• [Exercise directions]:
Of all the entries below, only the lines from the one with "アナベルのオーバルリース　ドライフラワーリース 32cm" up to and including the one with "Pink Snakeskin iPhone" are to be duplicated exactly.

• [Records for this task]:

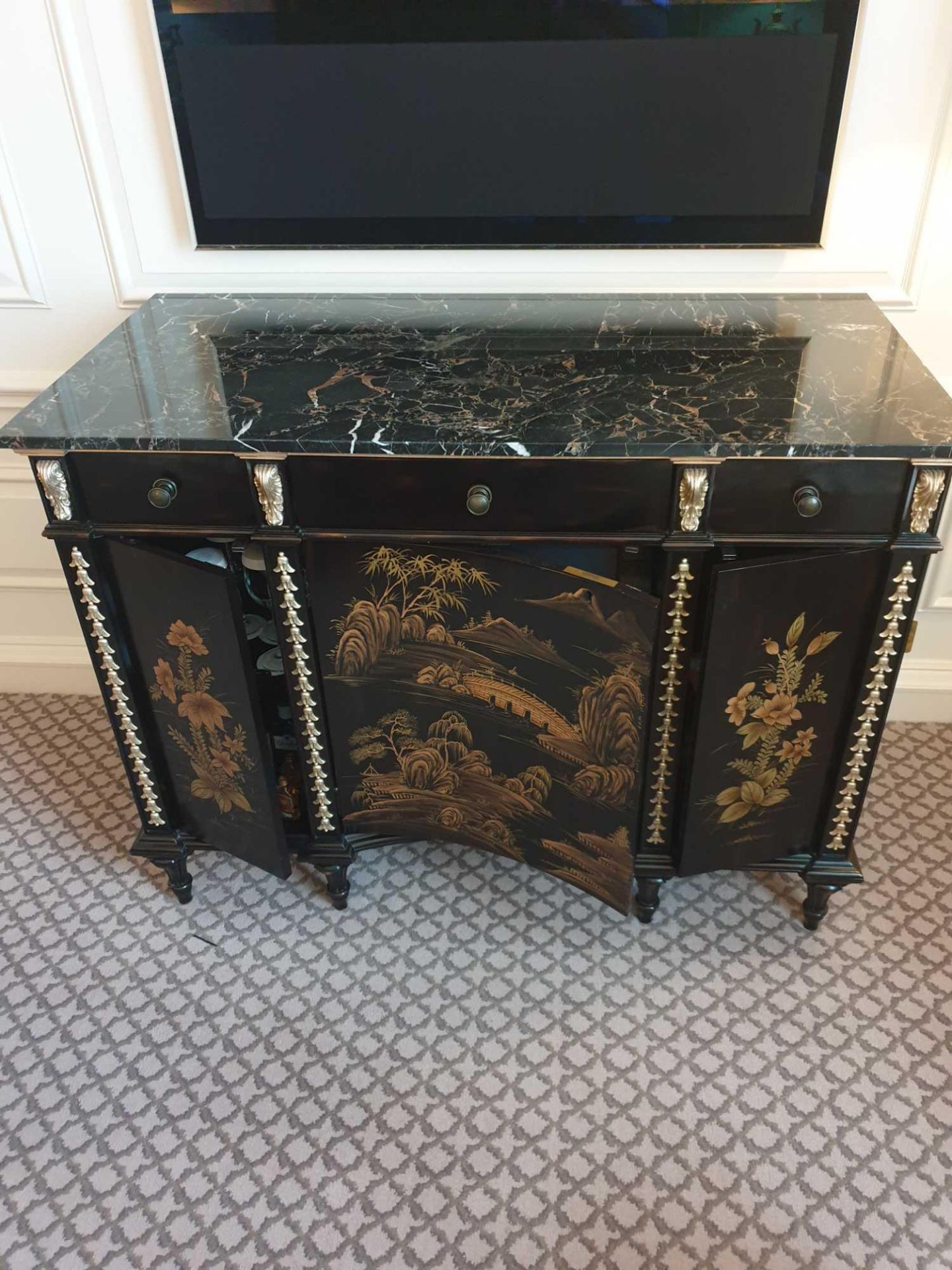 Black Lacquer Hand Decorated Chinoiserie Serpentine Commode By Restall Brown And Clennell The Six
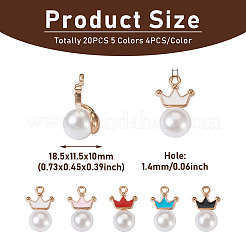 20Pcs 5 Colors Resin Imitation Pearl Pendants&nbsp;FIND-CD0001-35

---

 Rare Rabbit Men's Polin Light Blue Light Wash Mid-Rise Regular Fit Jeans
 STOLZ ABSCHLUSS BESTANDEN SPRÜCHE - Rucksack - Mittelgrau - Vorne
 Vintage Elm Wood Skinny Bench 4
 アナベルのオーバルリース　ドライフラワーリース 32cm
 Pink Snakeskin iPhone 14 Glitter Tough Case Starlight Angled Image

• [Answer below]:
 アナベルのオーバルリース　ドライフラワーリース 32cm
 Pink Snakeskin iPhone 14 Glitter Tough Case Starlight Angled Image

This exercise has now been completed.